In November 2007, economists in the Philadelphia Federal Reserve’s Survey of Professional Forecasters predicted just a 20 percent chance of “negative growth”—read: decline—in the U.S. economy any time in 2008, despite visible signals of an impending recession.The data shows humans are terrible at predicting the future. A product manager is a human. Therefore, product managers are not much better at predicting the future.
And yet! Product managers are expected to be time travellers.
- When will this be released?
- Will they buy it?
- What would our competitors do?
- How would the economy be like?
- Would R.R. Martin finally finish the new "Game of Thrones" book?

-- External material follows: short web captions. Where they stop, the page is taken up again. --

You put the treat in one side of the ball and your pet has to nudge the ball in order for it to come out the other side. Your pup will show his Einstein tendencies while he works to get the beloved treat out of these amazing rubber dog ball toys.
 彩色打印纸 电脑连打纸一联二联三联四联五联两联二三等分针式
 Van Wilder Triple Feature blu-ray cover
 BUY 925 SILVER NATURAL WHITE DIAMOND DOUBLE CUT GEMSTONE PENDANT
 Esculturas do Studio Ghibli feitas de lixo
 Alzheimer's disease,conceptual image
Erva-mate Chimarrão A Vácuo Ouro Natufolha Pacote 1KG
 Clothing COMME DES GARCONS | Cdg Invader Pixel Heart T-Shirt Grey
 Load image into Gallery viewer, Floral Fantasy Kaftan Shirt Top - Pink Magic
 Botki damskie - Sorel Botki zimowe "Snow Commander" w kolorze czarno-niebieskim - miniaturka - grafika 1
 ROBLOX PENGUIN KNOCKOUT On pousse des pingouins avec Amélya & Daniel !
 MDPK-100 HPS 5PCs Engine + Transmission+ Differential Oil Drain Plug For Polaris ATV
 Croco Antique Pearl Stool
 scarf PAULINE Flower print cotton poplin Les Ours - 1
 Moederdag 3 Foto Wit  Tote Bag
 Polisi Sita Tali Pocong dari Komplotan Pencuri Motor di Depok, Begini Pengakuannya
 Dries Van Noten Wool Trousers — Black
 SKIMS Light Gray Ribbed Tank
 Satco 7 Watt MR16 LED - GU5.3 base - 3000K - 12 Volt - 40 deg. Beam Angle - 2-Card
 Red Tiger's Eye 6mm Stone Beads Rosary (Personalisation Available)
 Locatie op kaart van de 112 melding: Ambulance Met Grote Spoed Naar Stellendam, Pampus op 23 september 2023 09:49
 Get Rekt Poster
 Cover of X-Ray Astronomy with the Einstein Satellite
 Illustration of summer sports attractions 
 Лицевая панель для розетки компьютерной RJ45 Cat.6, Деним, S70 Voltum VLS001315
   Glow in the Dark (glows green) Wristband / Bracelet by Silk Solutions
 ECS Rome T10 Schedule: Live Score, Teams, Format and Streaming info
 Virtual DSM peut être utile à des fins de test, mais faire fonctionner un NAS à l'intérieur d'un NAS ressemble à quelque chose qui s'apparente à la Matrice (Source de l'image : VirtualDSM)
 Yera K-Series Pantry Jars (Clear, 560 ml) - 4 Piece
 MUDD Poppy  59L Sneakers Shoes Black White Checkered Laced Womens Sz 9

Not only our predictions are wrong. They're wrong in a particular way. Too optimistic. Unrealistically optimistic. And no wonder. We're heavily invested in the outcome of our work. We really want that release to happen on time. Really want them to buy. And really want to read that next book. That's why it's borderline impossible to avoid the confirmation bias. To find that bits of data that support our predictions.
If not the knowledge of the future - what are we bringing to the table?
The techniques to react. To adapt. To quickly evaluate the reality and act accordingly.A good system is characterised not by the absence of mistakes but the reaction to mistakes. Good PMs could react efficiently to an ever-changing reality.
When we don't panic, we could iteratively prepare a good system that would react accordingly to the unpredictable future. Such system will be
- Humble. Don't think you are much better than everyone else.
- Lean. When you control 52,310 tons ship and see an iceberg, you might not be able to avoid the crush.
- Receptive. You need to be continually looking into the darkness of the future.
Only be being self-aware, fit and sensitive we could deal with the surprising tomorrow.
Also, be aware of the negativity bias. Yes,
- A release will be postponed
- Sales forecast will be way off the predictions
- Competitors would do something completely unexpected
- Economy will get even tougher
- We'll never see that new "Game of Thrones" book
You should never be that certain about your own beliefs—the world just doesn't work that way. You have to be more adaptive, you have to be more reactive. You have to think probabilistically rather than in terms of certainties.
It's not that you are always going to be right, because you are going to make mistakes no matter what, but you might be less inclined to make catastrophically bad mistakes.